At the risk of repeating things I've covered in previous posts, one things that I'm often involved in is the question of versioning policy for UML data models and XML schemas. Now, the policy "question" is usually about how you can make changes (usually additions) to a model/schema with minimum impact on applications which use the model/schema, and ideally with zero impact on applications which can legitimately ignore the changes.
This all sounds reasonable, but the problem is that when these policy decisions are made, they are often done is a way that is almost sure to fail. Why? Well, the problem is that people often treat this as a model/schema issue only, as though some particular versioning approach in the model/schema alone is going to be the silver bullet that smooths out all of the potential downstream issues related to model/schema changes. However, it just doesn't work that way.
You can't have a workable policy on managing data change unless your applications are part of that same policy. There is no silver bullet that can work regardless of how your applications have been written. To go back to the relational database example that I sometimes use, in the bad old days when code generators wrote code that was tightly bound to each table and column in a database, database changes almost always broke the applications that used the database. The situation with databases is very different now, because most people follow the policy of interacting with their relational database via SQL (often using ODBC/JDBC), and that SQL layer (when properly used) provides sufficient decoupling to help avoid a lot of potential downstream issues, especially when all that has happened is an addition to your data model.
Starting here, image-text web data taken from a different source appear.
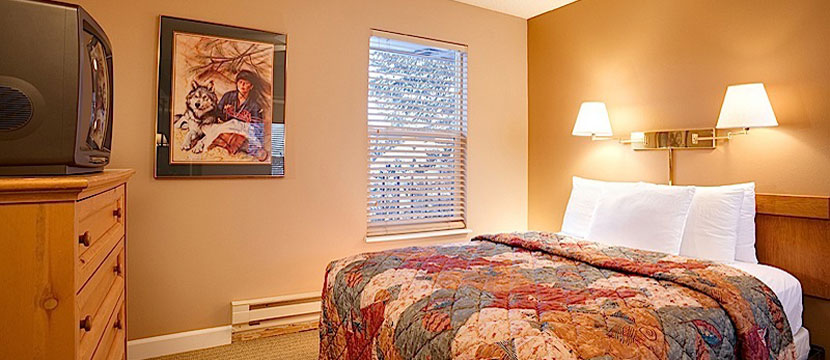 Legacy Vacation Club - Steamboat Springs Legacy Vacation Club - Steamboat Springs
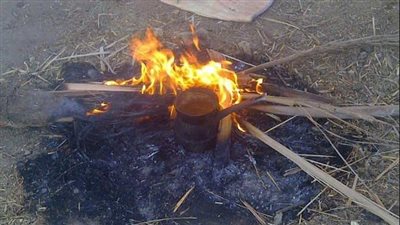 بسبب موقد التدفئة، تفاصيل إصابة أسرة كاملة باختناق داخل منزل بالشرقية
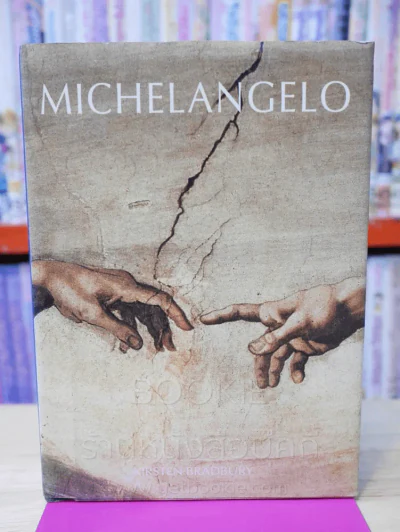 Michelangelo รูปที่ 1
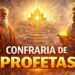 Realeza de Cristo e Confraria de Profetas | Ap. Júlio César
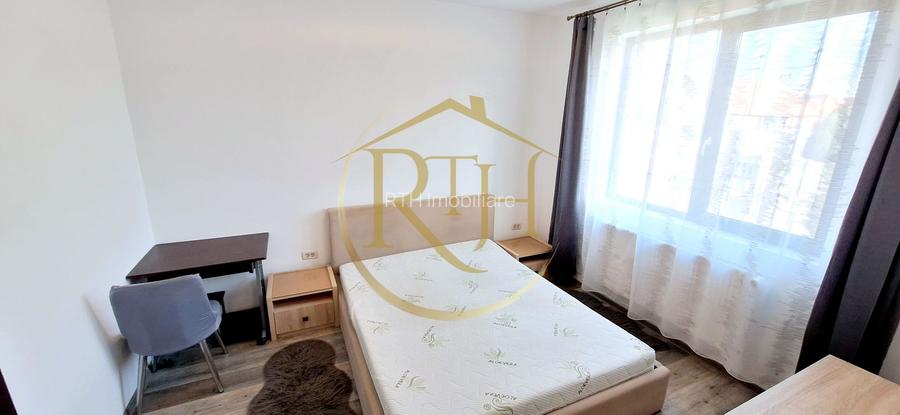 Oferim spre inchiriere casa individuala cu 3 camere, Giroc, Aproape de Primarie - 9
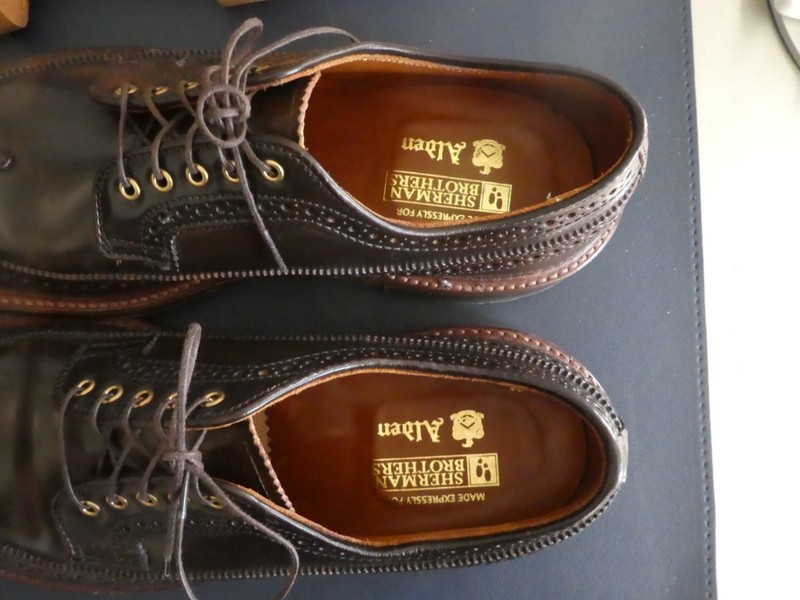 Alden 97894C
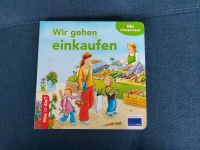 Buch Was ist was ? Wir gehen Einkaufen mit Klappen Quiz West - Zeilsheim Vorschau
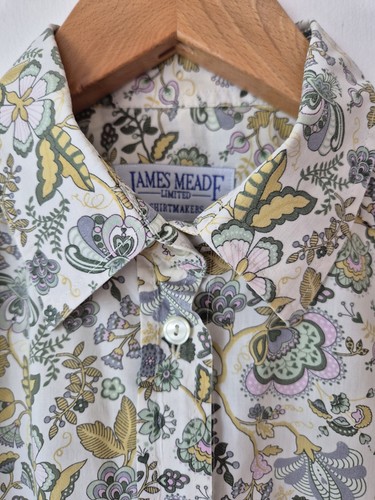 Camicia liberty tana - liberty,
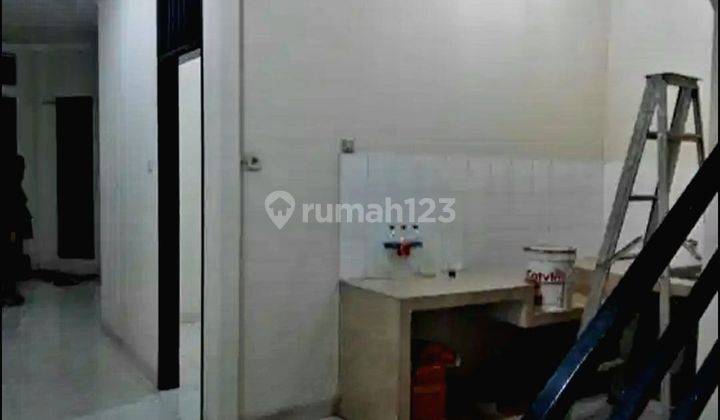 Rumah 2,5 Lt 5 X 12,6 M2 Di Tanjung Duren Ada 4kt 2 Km Shm Hadap Barat, Nego Yuk Sampai Deal!! 2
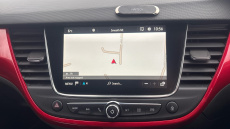 Vauxhall Crossland 1.2 Turbo GS 5dr Petrol Hatchback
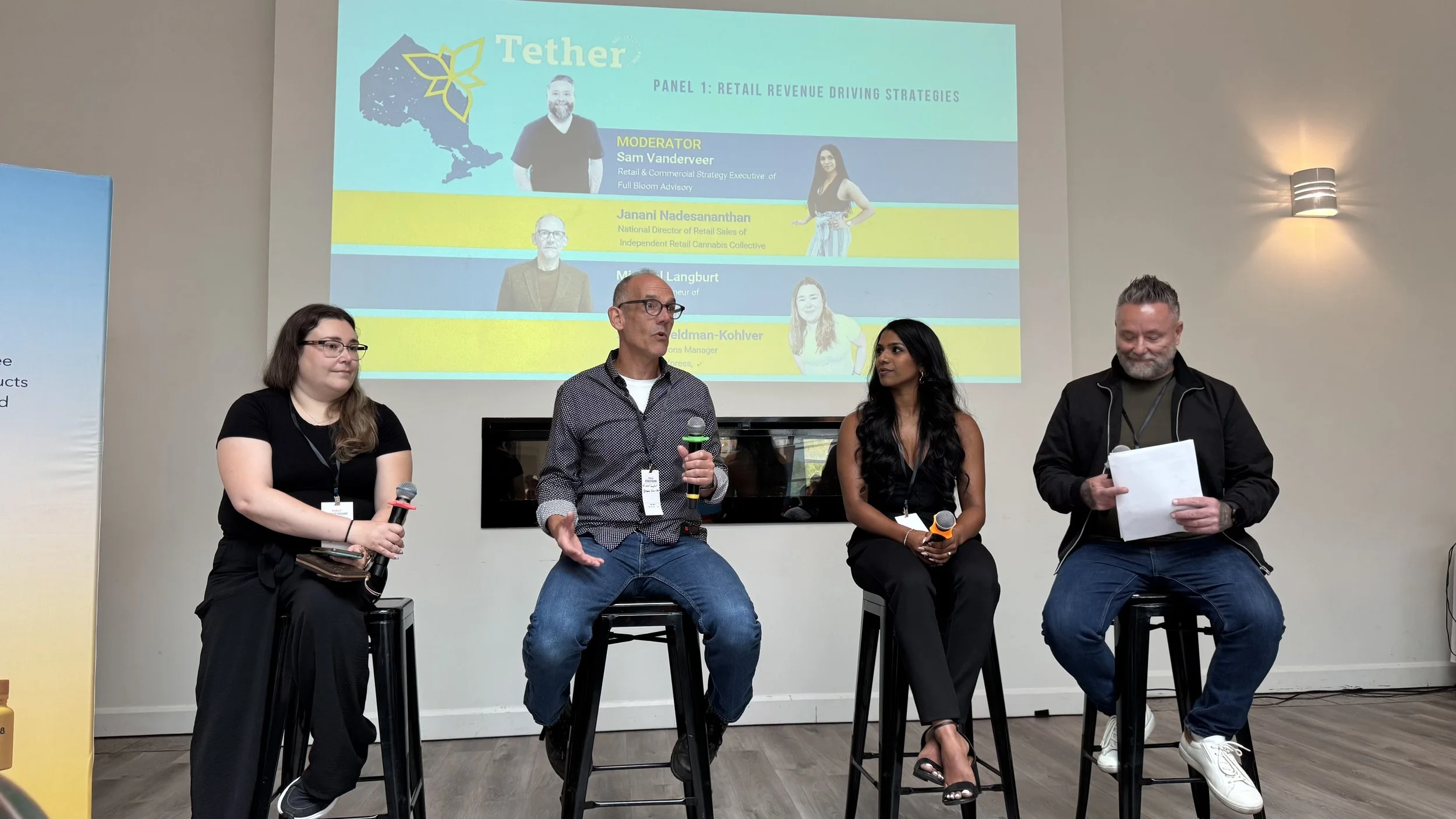 What We Heard at the Ottawa Retailer Exchange — And Why Local Matters More Than Ever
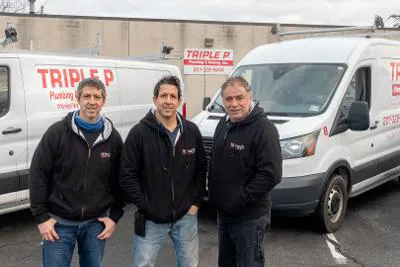 Triple P Plumbing & Heating Picture 7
By contrast, with XML, most applications do not routinely access the XML via an XQuery or an XSLT transform, or via some other layer which would provide the same level of indirection and decoupling that SQL does for relational databases. Instead, a lot of use is made of XML schema compilers, which do the same tight binding that the old relational database schema compilers used to do, with all of the same downstream data change problems.
This is why versioning policy has to apply right along the data processing chain. You need to have good versioning policies for your models, but that alone isn't enough. You also need to have application design policies that match your model/schema policies so that the sum of the two is a robust approach to data change management.
After all, there's no point in building a bridge that only goes half-way across a river, is there?